Bilateral facilities are usually constrained by size. For larger acquisitions, only the largest banks can afford to foot the bill for the entire deal size due to internally imposed risk limits for exposure to a single entity.
However, for acquisitions that come with substantial capital markets activity and necessitate raising public debt and equity later, investment banks may be eager to cut the entire cheque for the lion’s share of fees from DCM, ECM and M&A.
Bilaterals, since they do not need to be coordinated with multiple lenders and law firms, can move much more quickly than anything syndicated. With a bilateral loan (or sometimes a club deal), an acquisition can be closed fairly quickly. A good example of using a bilateral loan in this manner is Canadian Natural Resources’ acquisition of Devon Canada’s assets, where they received $1 billion dollars from a bank to effect the transaction in short order.
Club Deals – Syndicated Loans
Club deals are medium size loans where borrowers usually tap their core bank group (main 3-5 relationship banks) for loans. Pricing and terms may not be as low as for a negotiated bilateral agreement, but are generally a few basis points off of a syndicated revolver. Often, club deals will be put together when there is already a large syndicated revolver and companies do not want to go back to all of their banks for additional credit.
Although the administrative agent (bank that coordinates activity between the borrower and the rest of the syndicate) for the main syndicated loan will often also serve as the administrative agent for the club deal, all banks will be much more involved in this financing and will usually all be given Joint Bookrunner or Joint Lead Arranger titles for league table credit.
Global Syndicated Loans
Large syndicated loans with various banks are the standard for transformative transactions and all participants big and small will result in some sort of fee revenue via DCM, ECM or trading products. Pricing is also most standardized – so borrowers will expect to pay what other recent BBB+ comparable companies in their industry group priced at for similar acquisitions recently.
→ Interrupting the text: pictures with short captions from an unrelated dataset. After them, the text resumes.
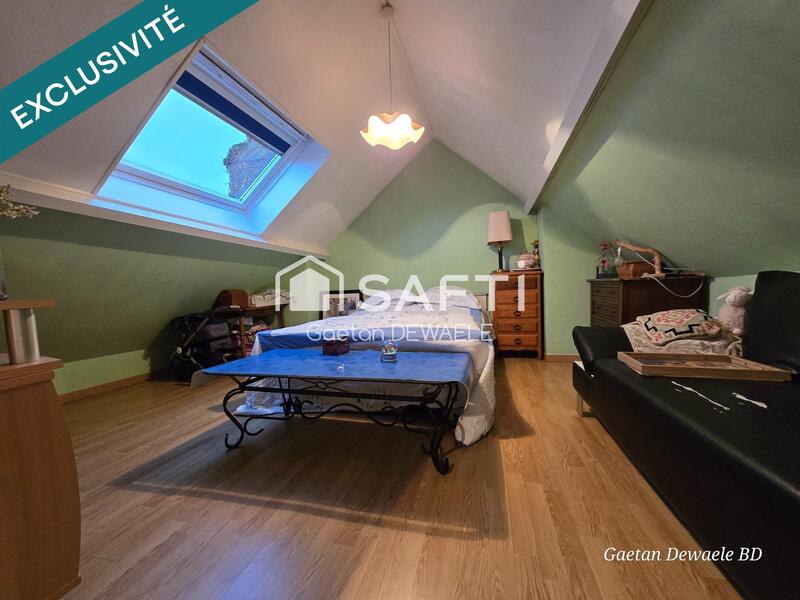 Maison de ville - 92 m² - 5 pièces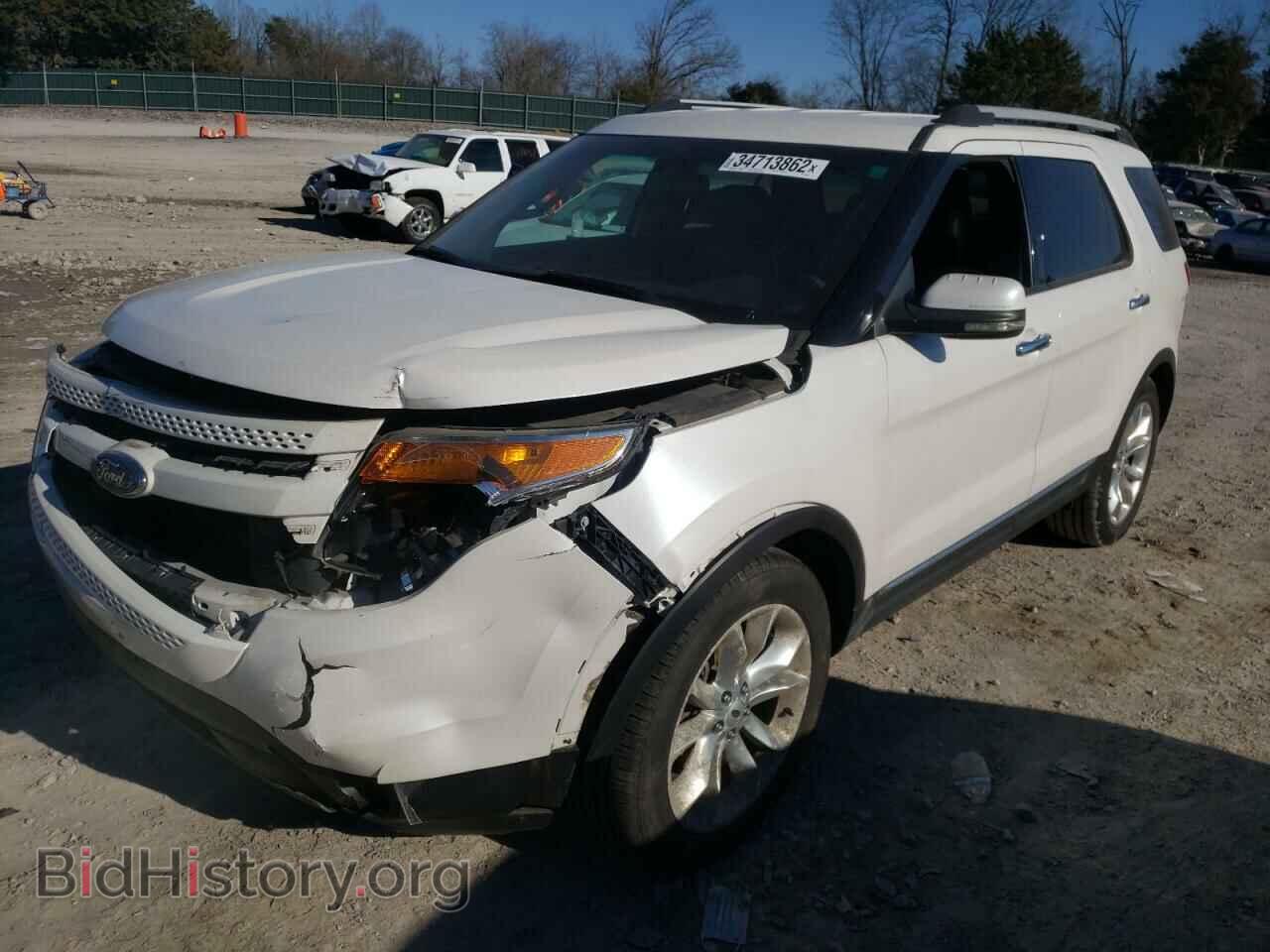 2012 FORD EXPLORER - VIN: 1FMHK8F84CGA04844 - Фото 2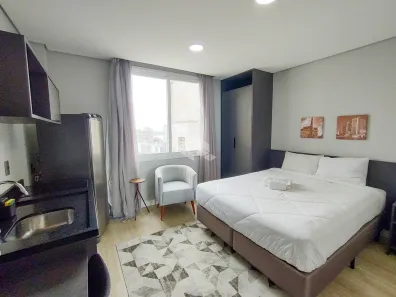 Apartamento com 1 Quarto à venda, 21m² no Centro Histórico, Porto Alegre
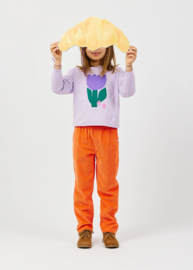 Arsene & les pipelettes girl shirt lilas 105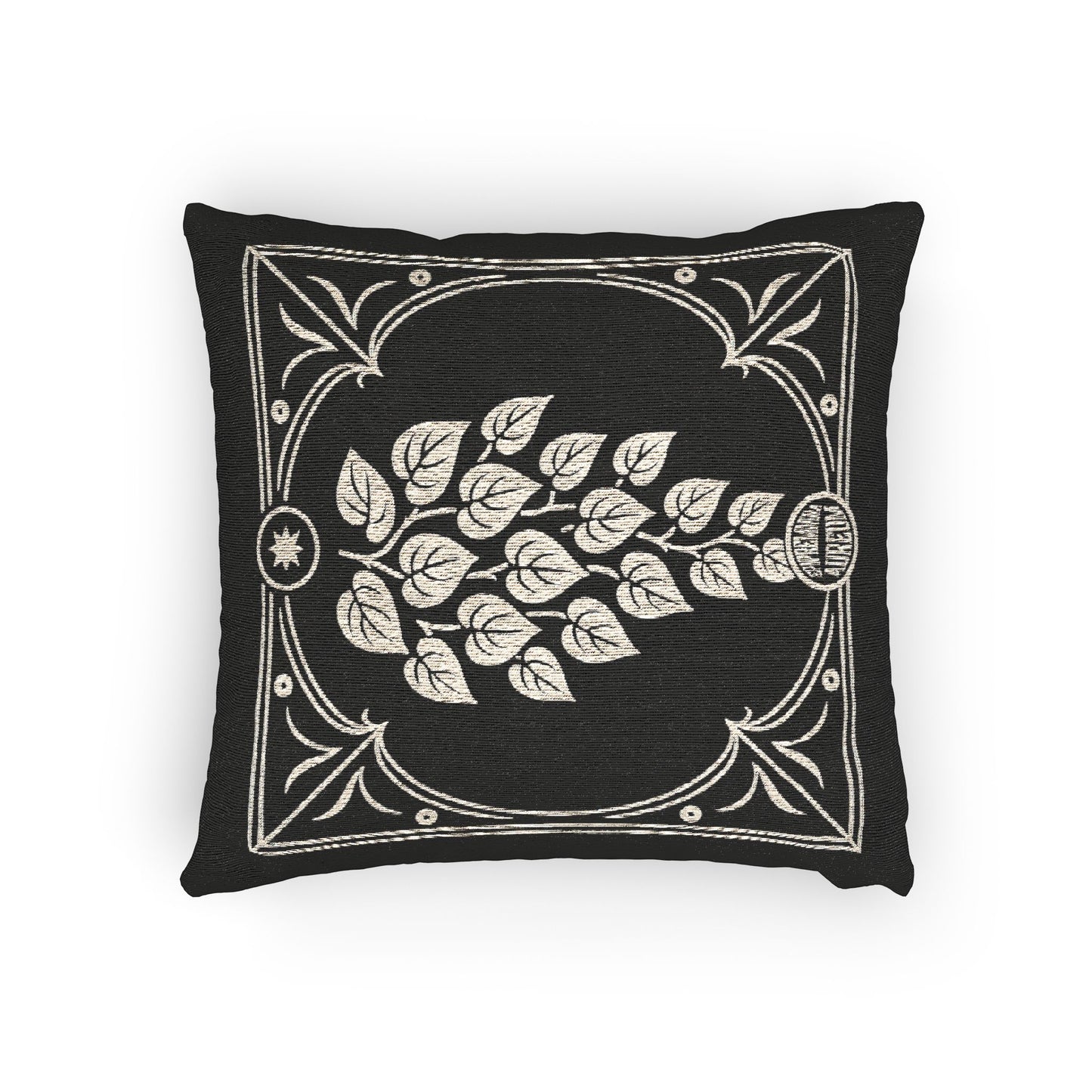 C-30 Pothos Woven Pillow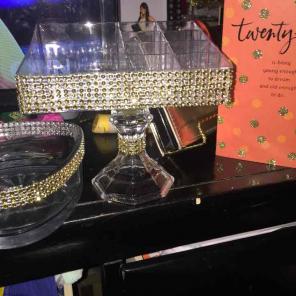 Any 3 Make-Up Organizers For $20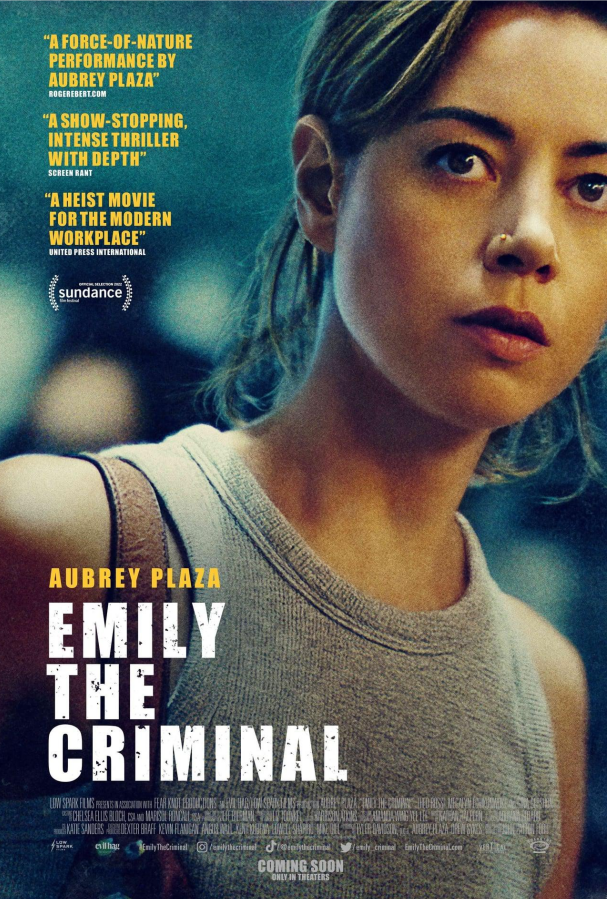 《罪犯艾米丽》Emily the Criminal  2022 【14.45G】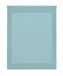 Uniestor Glad Roll-Up Blind - Doorschijnend 6x100x175 cm Hemelsblauw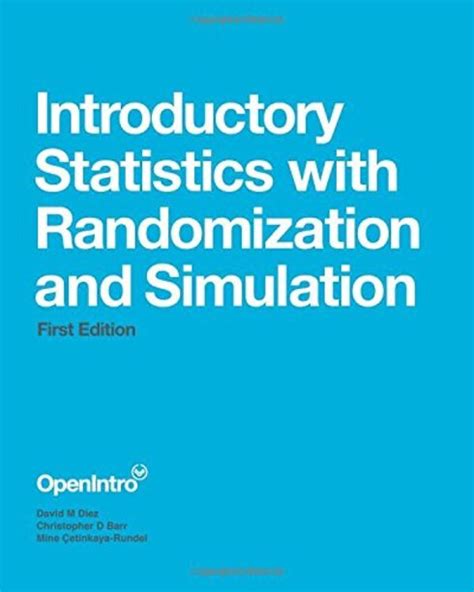 introductory statistics with randomization and simulation Epub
The administrative agent (the bank that coordinates activity between the borrower and the other lenders) takes on a very active role here and may receive additional fees to the other borrower for this service, although it is sometimes thrown in for free as the administrative agent is usually going to be taking an outsized proportion of the other investment banking revenues.
The largest syndications can have something like 50 banks committing to lending up to 5 years.